Reproduction of part of the material below, pictures omitted: copy exactly, and only, the lines starting with the one with "Outdoor patio with dining table and barbecue" and going on through the one with "Detalle macro de".

> **Provided records**:
※ ※ ※

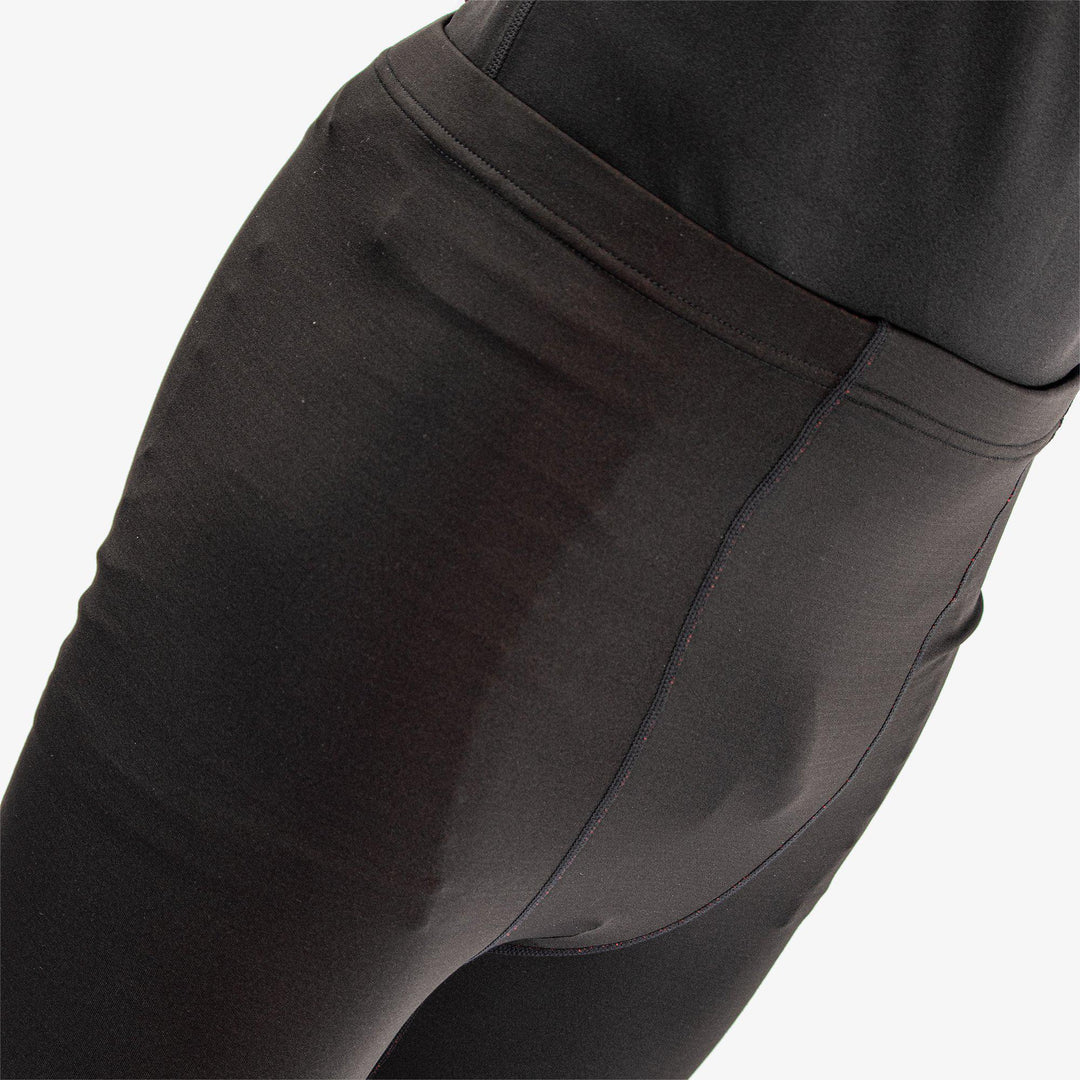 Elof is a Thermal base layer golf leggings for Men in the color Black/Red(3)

※ ※ ※

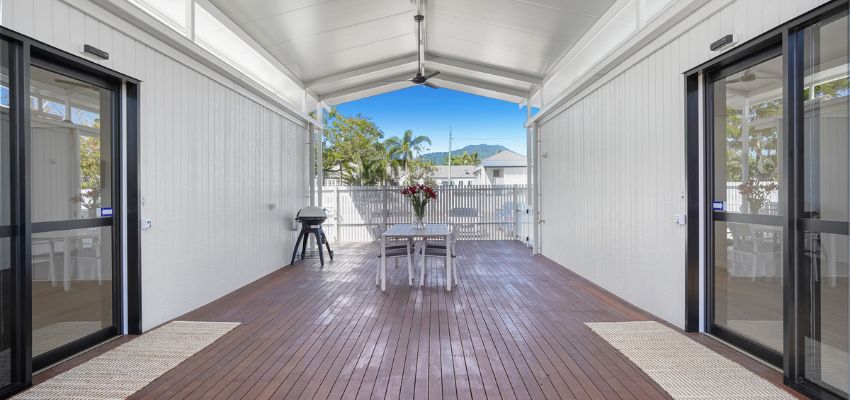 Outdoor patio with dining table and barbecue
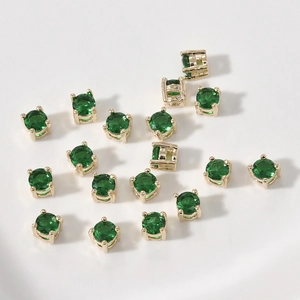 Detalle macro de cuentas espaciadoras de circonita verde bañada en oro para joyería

※ ※ ※

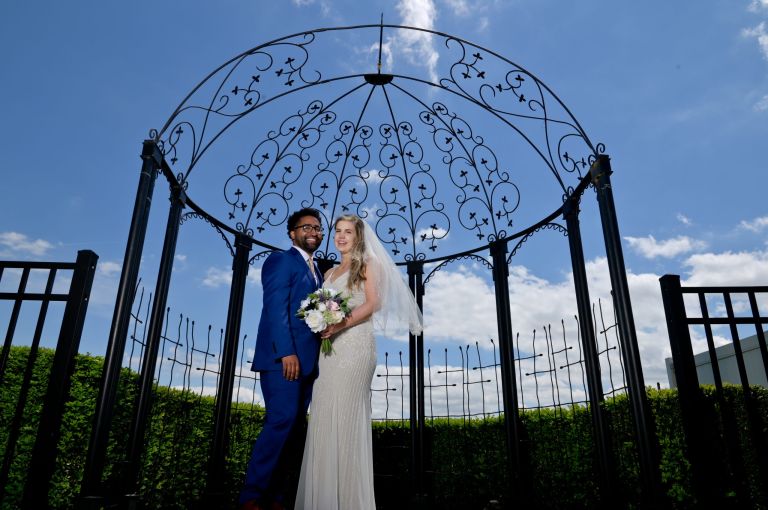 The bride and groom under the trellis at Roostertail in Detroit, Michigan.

※ ※ ※

> **Answer for the task**:
 Outdoor patio with dining table and barbecue
 Detalle macro de cuentas espaciadoras de circonita verde bañada en oro para joyería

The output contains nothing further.